Instructions to follow
A word-for-word copy is needed of the line containing "this 600×315 image." and every line after it through the end of the records below, leaving out all pictures.

Data under study

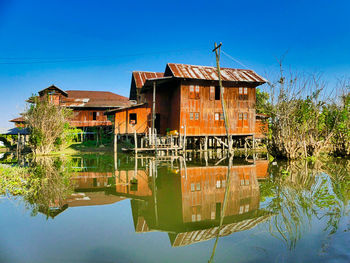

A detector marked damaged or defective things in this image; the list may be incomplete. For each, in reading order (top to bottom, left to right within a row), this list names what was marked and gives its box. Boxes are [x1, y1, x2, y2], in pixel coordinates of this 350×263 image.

rusty metal roof [133, 71, 164, 89]
rusty metal roof [165, 63, 266, 83]
rusty metal roof [60, 91, 131, 107]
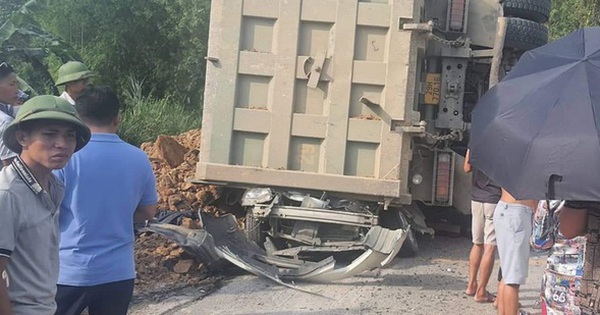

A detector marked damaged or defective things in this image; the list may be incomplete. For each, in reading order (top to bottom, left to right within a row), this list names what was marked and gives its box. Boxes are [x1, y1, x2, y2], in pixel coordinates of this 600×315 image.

overturned truck [188, 0, 548, 278]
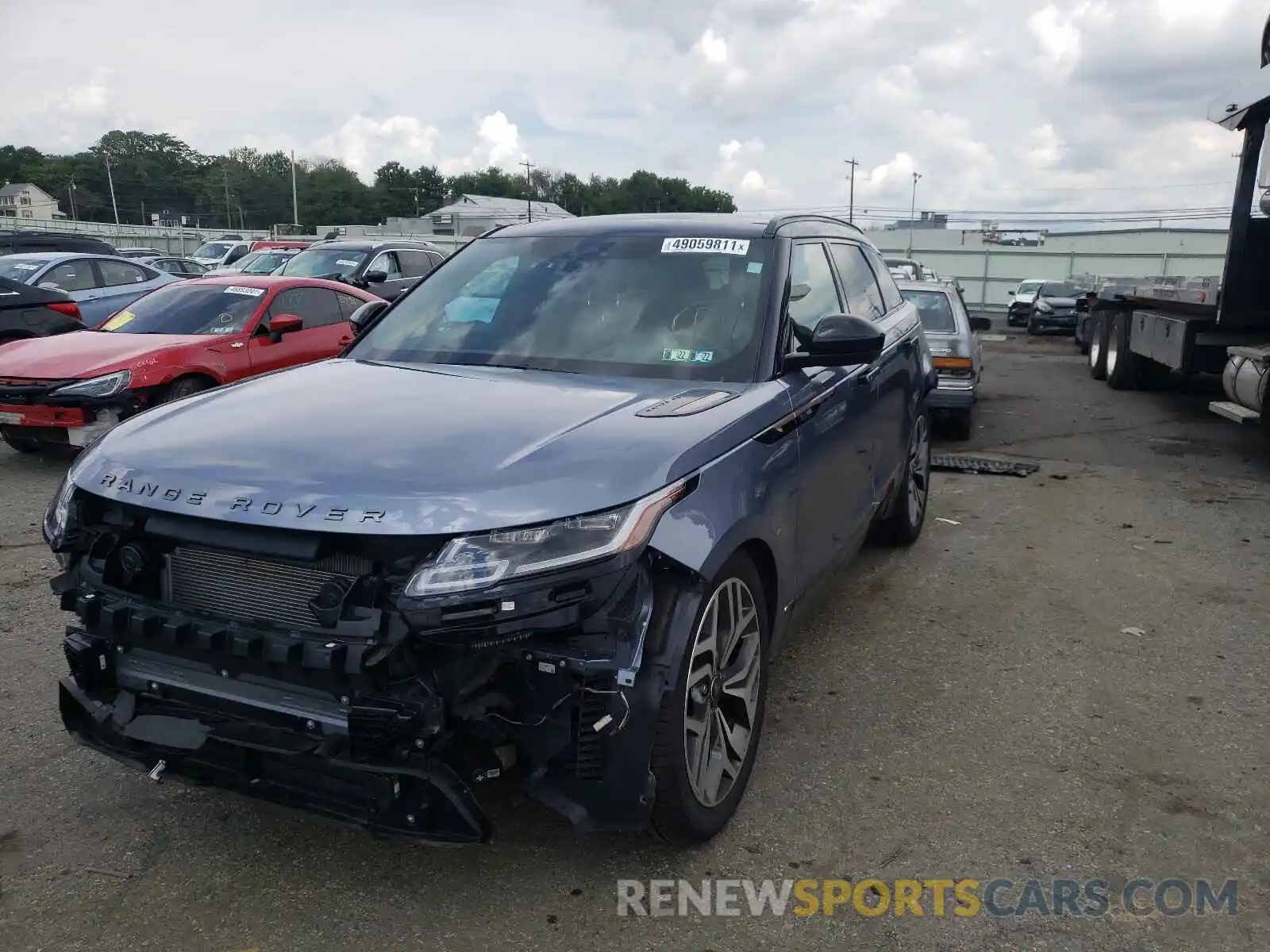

Completed task
A detector marked damaged or defective things in this image; the list may be incomplete. For each, in reading order (top to bottom, left to right within a row), this list names what was marked and gives its box. Boxes are [x1, y1, x2, y2], in pixel coordinates of this 600×315 image.

overturned truck [188, 0, 548, 278]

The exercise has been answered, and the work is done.